- Born: 11 June 1955 (age 70) Portsmouth, England
- Occupations: Playwright, screenwriter

= Nick Dear =

British writer for stage, screen and radio (born 1955)

Nick Dear (born 11 June 1955) is an English writer for stage, screen and radio. He received a BAFTA for his first screenwriting credit, a film adaptation of Jane Austen's Persuasion.

==Life and career==
===Early years and education===
Dear graduated with a degree in Comparative European Literature from the University of Essex in 1977.

==Writing career==
Dear's plays include Power and The Villains' Opera at the National Theatre; The Art of Success, Zenobia and Pure Science for the RSC; In the Ruins at Bristol Old Vic and Royal Court, London (1990); and Food of Love at the Almeida. Adaptations include Gorky's Summerfolk and Molière's Le Bourgeois gentilhomme at the National; Tirso de Molina's The Last Days of Don Juan at the Royal Shakespeare Company; Arbuzov's The Promise at the Tricycle; Henry James' The Turn of the Screw at Bristol Old Vic; and Ostrovsky's A Family Affair for Cheek by Jowl. Dear's screenplays include Persuasion, The Gambler, The Turn of the Screw, Cinderella, Byron, Eroica and Agatha Christie's Poirot. Opera libretti include The Palace in the Sky at Hackney Empire and Siren Song with music by Jonathan Dove at the Almeida.

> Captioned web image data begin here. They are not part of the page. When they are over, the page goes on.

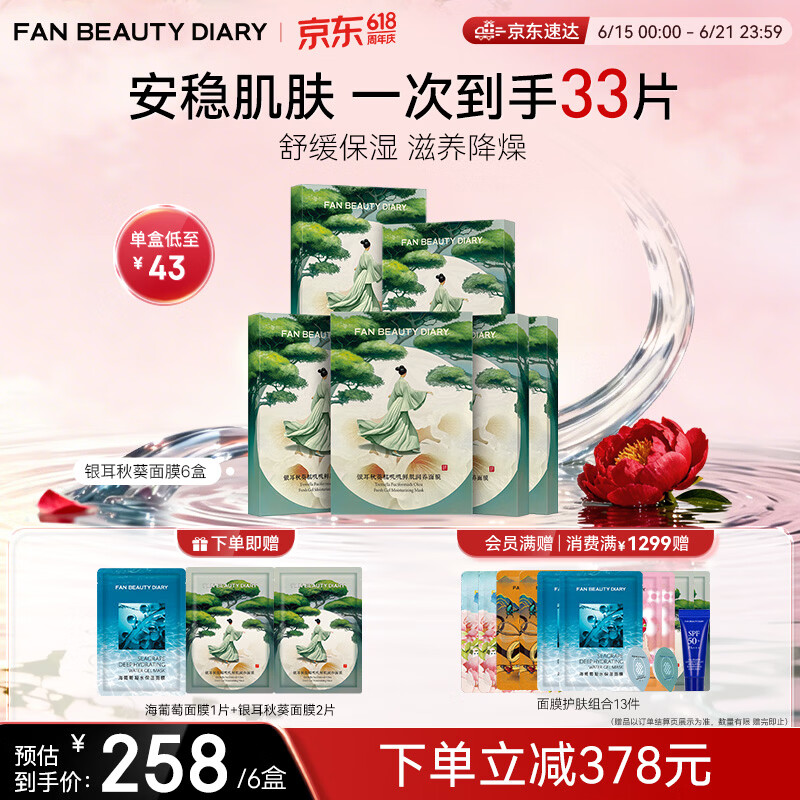 FAN BEAUTY DIARY�������Ŵߴߴ�ʼ�������Ĥ��6��װ�����ȼ��� ����������Ů��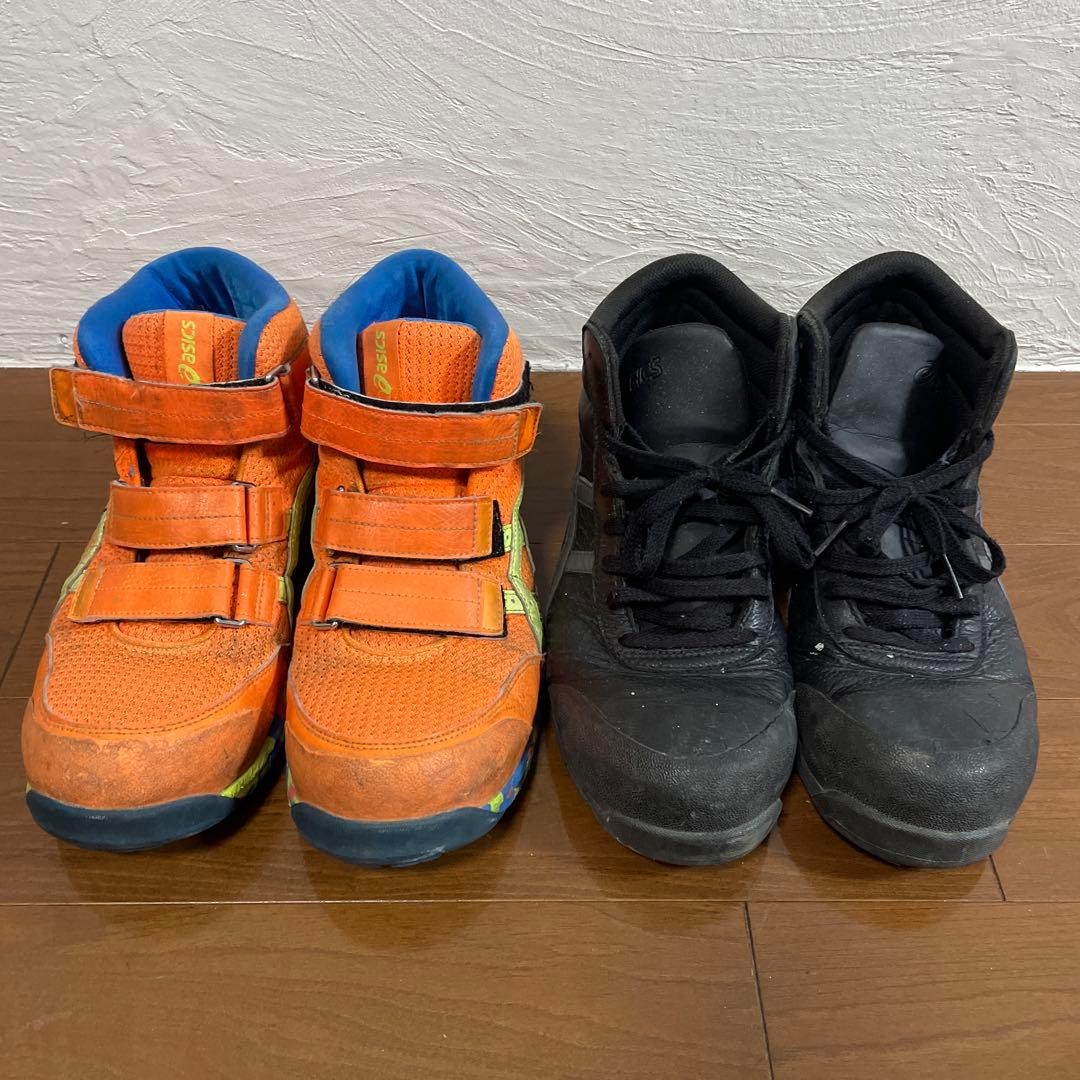 アシックス　安全靴　中古品❗️2足セット❗️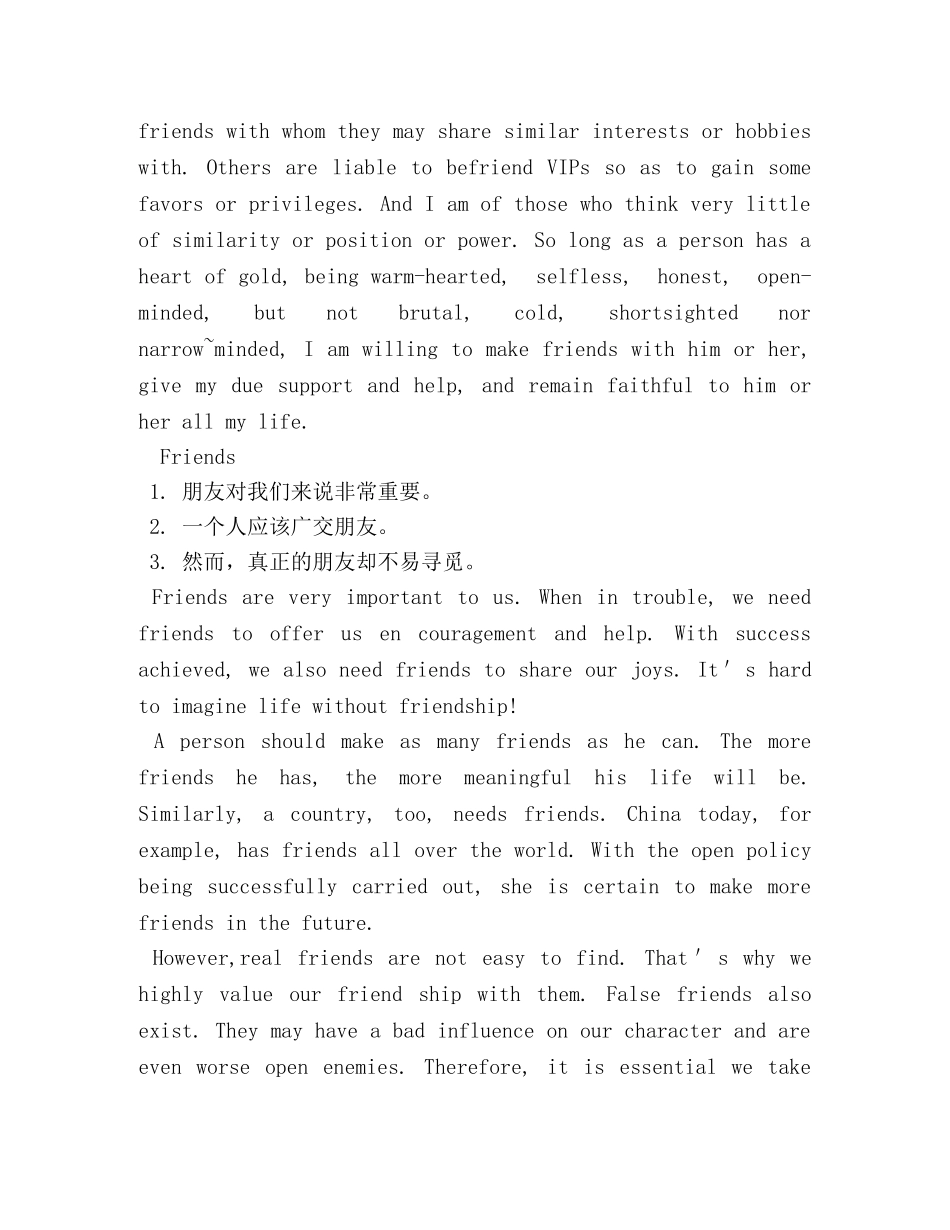 关于朋友的英语作文2 _第2页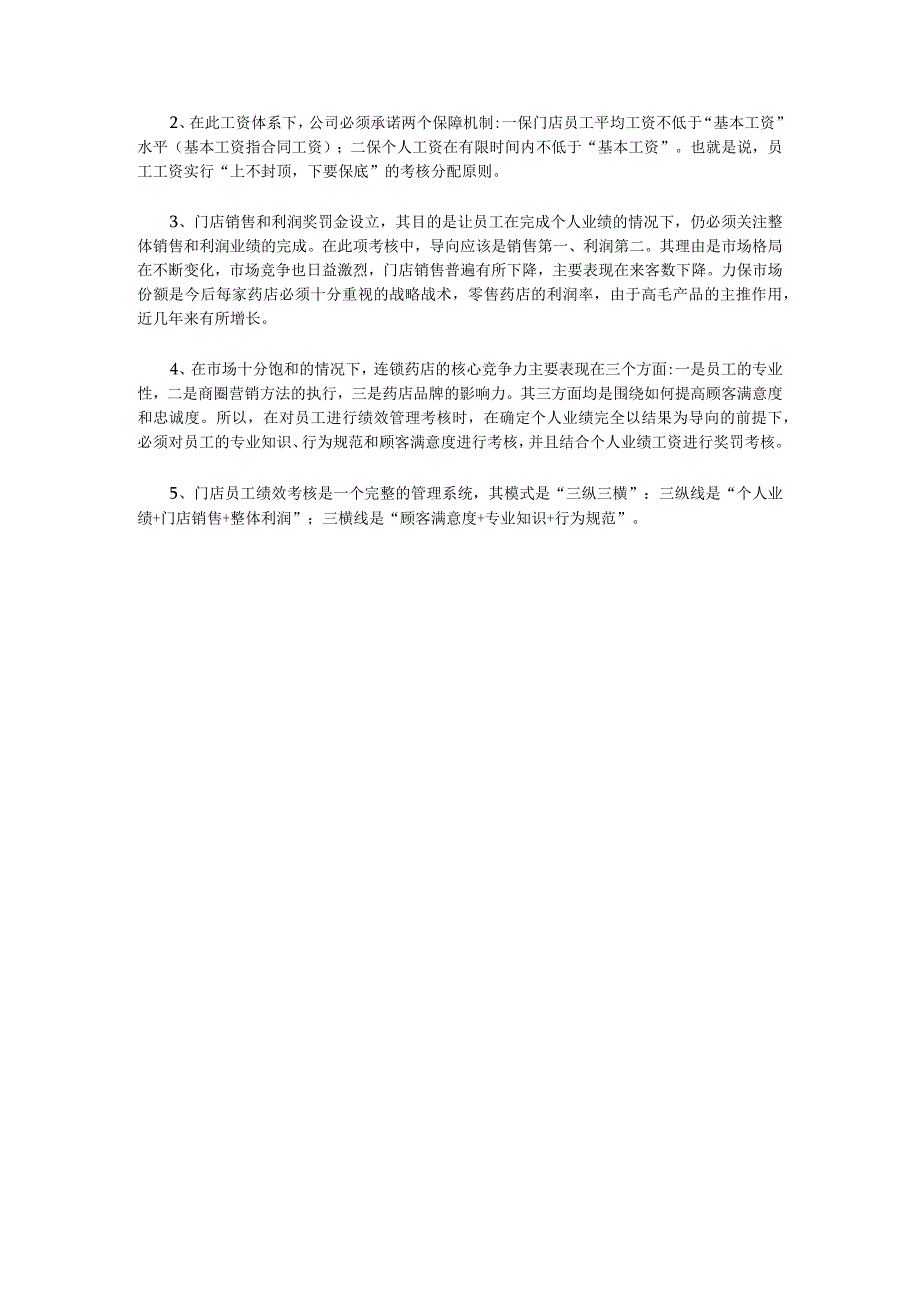 门店员工绩效考核内容和方法.docx_第3页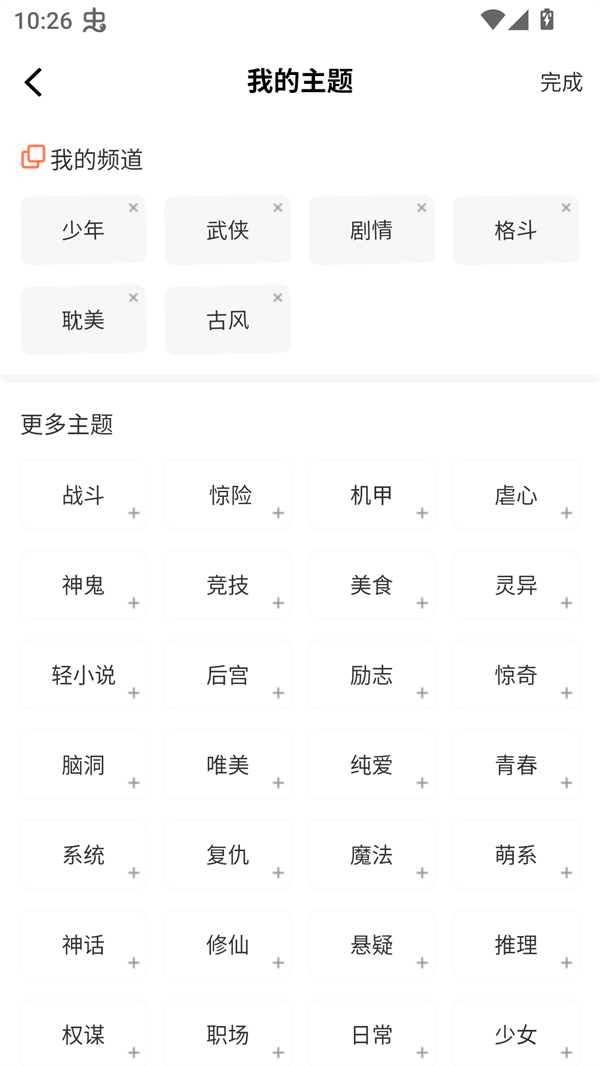 小土豆漫画手机版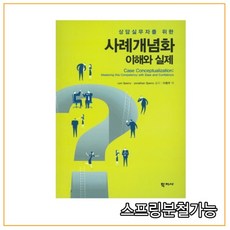 사례개념화이해와실제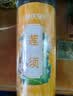 参庆堂莲须 100克*1罐 生莲须中药材又名白莲须莲花须莲花蕊莲蕊须莲蕊 实拍图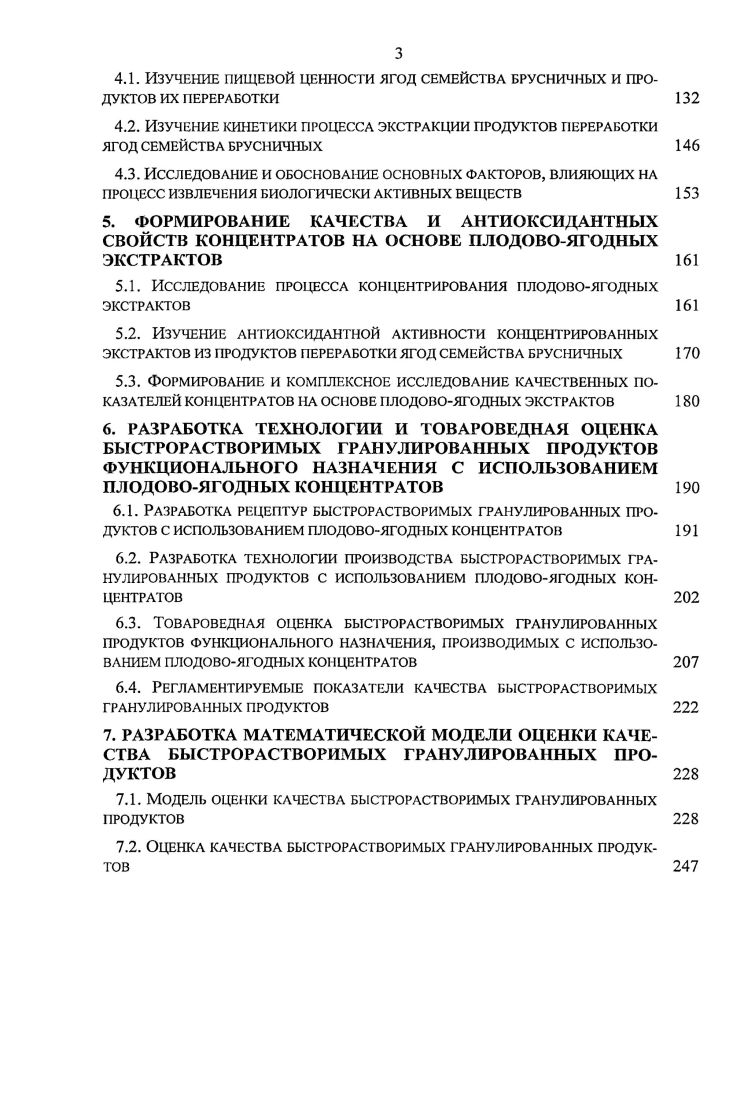  РОЛЬ АНТИОКСИДАНТОВ В ПРОФИЛАКТИКЕ СВОБОДНОРАДИКАЛЬНЫХ ПАТОЛОГИЙ	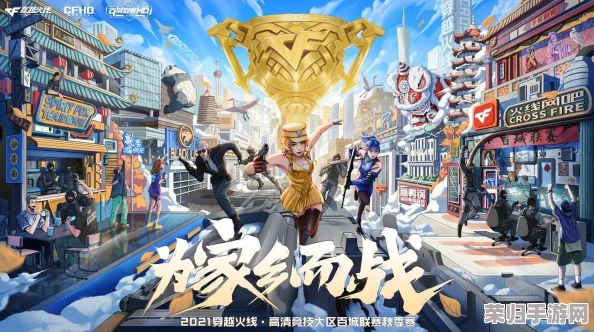 CF活动神器:网页版一键秒领福利助手,轻松畅享游戏盛宴! CF活动神器:网页版一键秒领福利助手,轻松畅享游戏盛宴!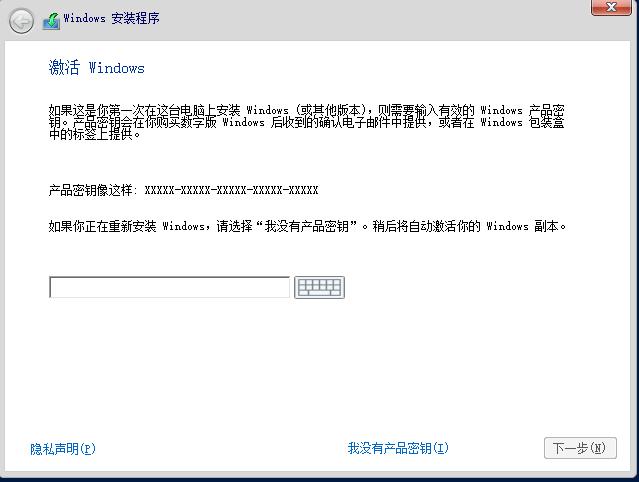 【VMware&Vritualbox】虚拟机安装windows server2016 【VMware&Vritualbox】虚拟机安装windows server2016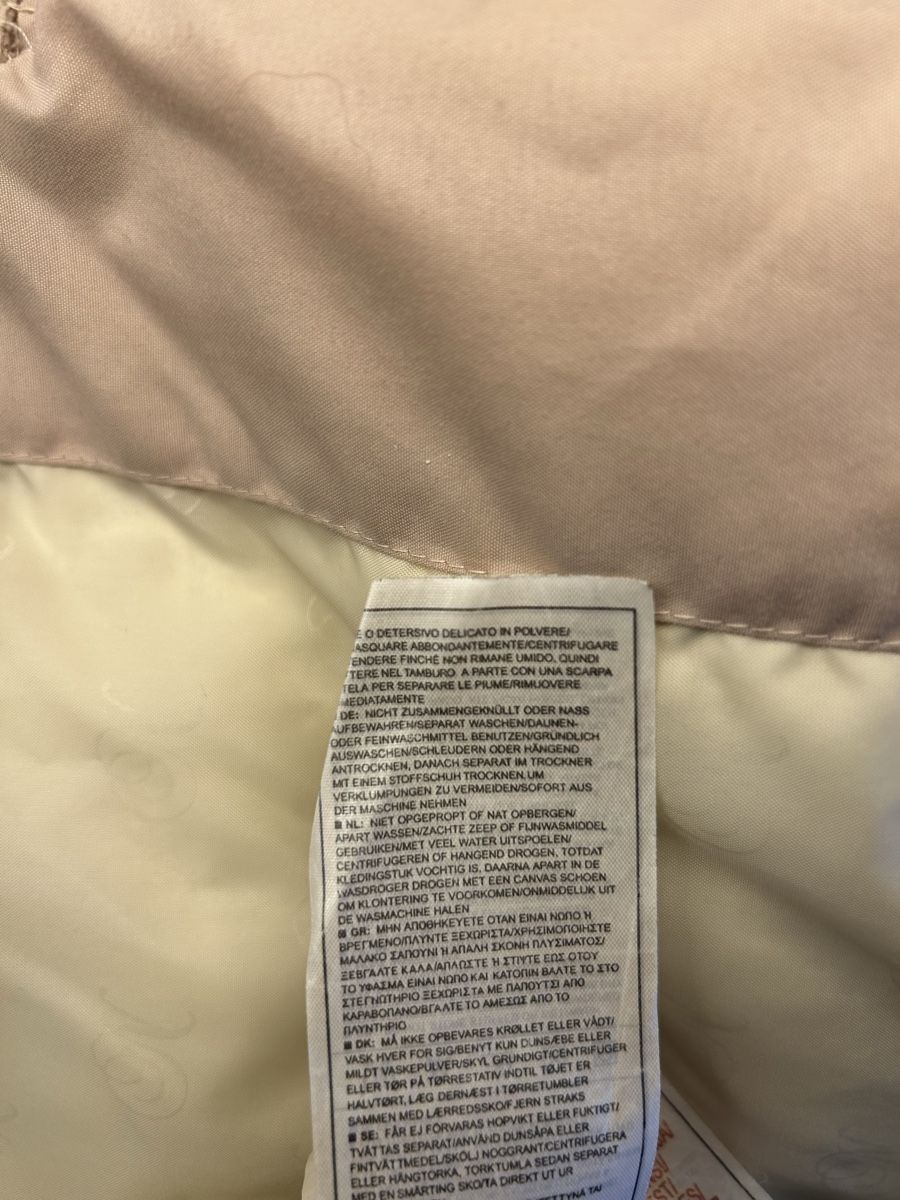 Cappotti: Nike Daunenmantel beige – Usato da Oberrieden venduto da SolarisZH 7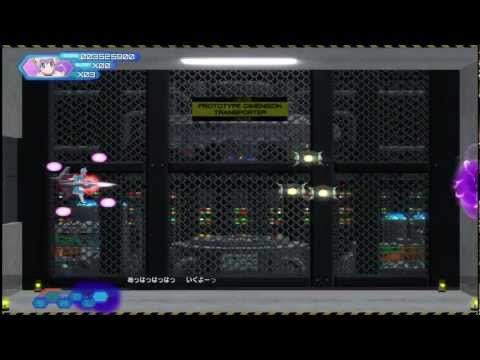 Otomedius Excellent Loop10 (Poini)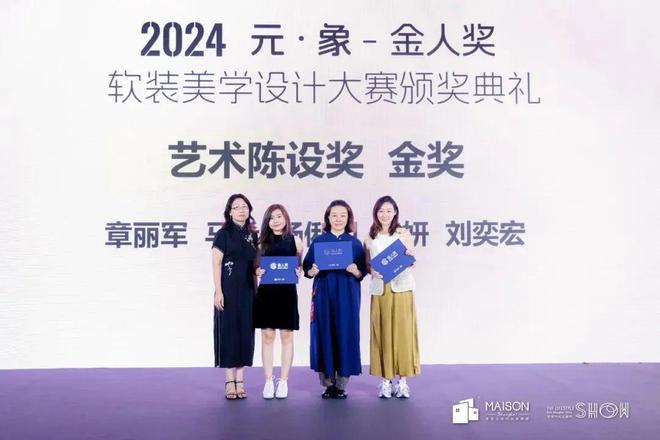 kaiyun入口：荣誉见证2024金人奖-软装美学设计大赛颁奖典礼(图6)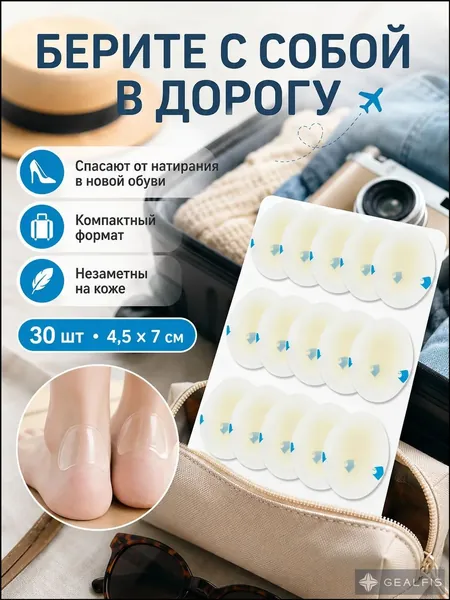 Защита для стопы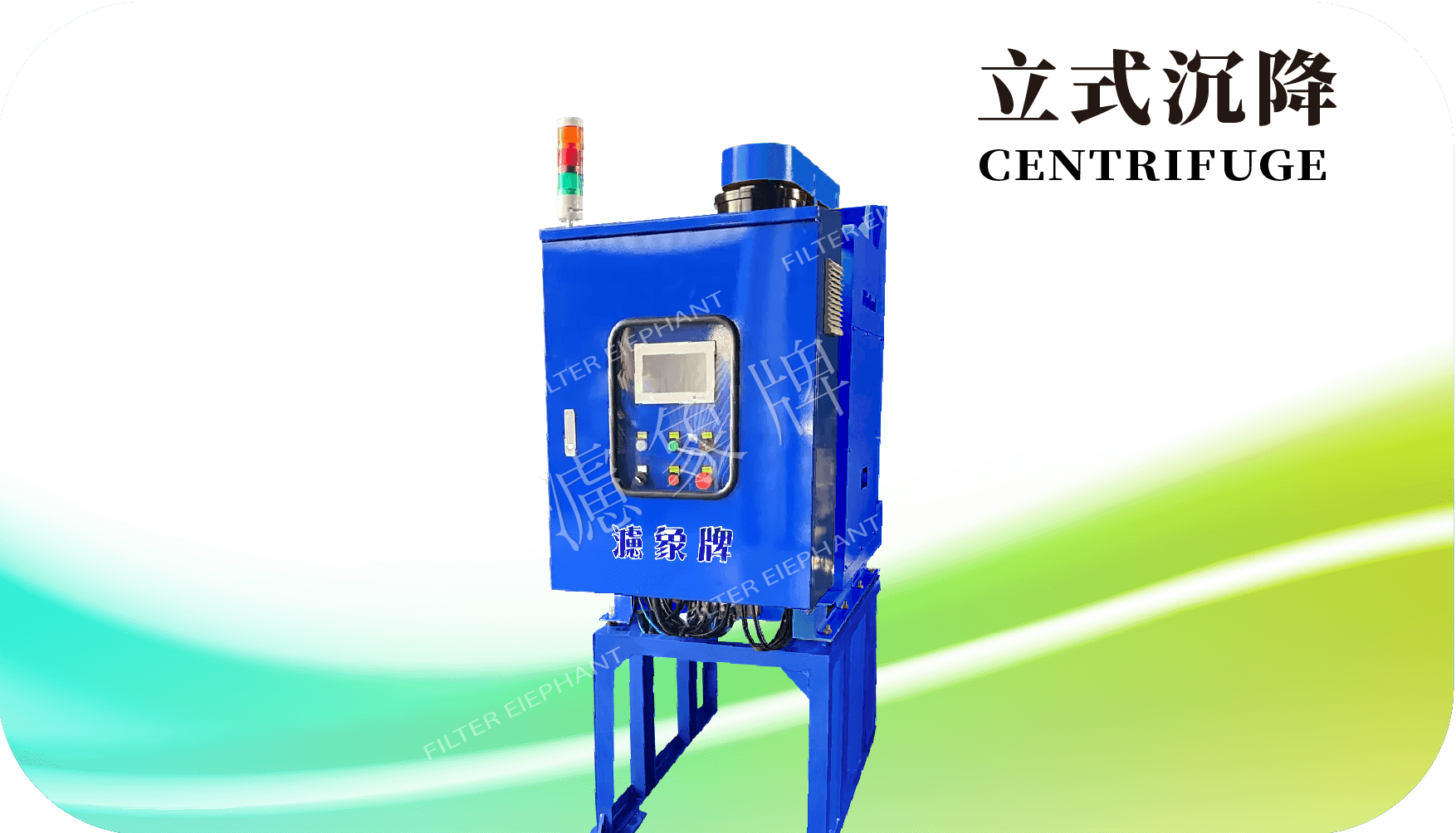 立式離心機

In 2005, Lunch in Venice appeared at the Shell Connections festival at the National Theatre. His plays Power (2003), and Summerfolk (1999) both premiered at the same venue. Power deals with the intrigue and tension of the court of the young Louis XIV of France. It has been produced at theatres in Portugal, Poland and Hungary, as well as the Finnish National Theatre (Kansallisteatteri).

His play The Art of Success premiered at the Royal Shakespeare Company in 1986 in a production starring Penny Downie and Michael Kitchen, and was nominated for an Olivier Award. The plot revolves around William Hogarth and the political manipulation of art, the corruption of politics and treatment of women. It was subsequently produced at Manhattan Theatre Club in 1989, with Tim Curry playing Hogarth.

Dear's adaptation of Mary Shelley's Frankenstein premiered at the Royal National Theatre in 2011, in a production directed by Danny Boyle.

In November 2012 The Dark Earth and the Light Sky, his biographical play about Edward Thomas, opened at the Almeida Theatre, in a production directed by Richard Eyre.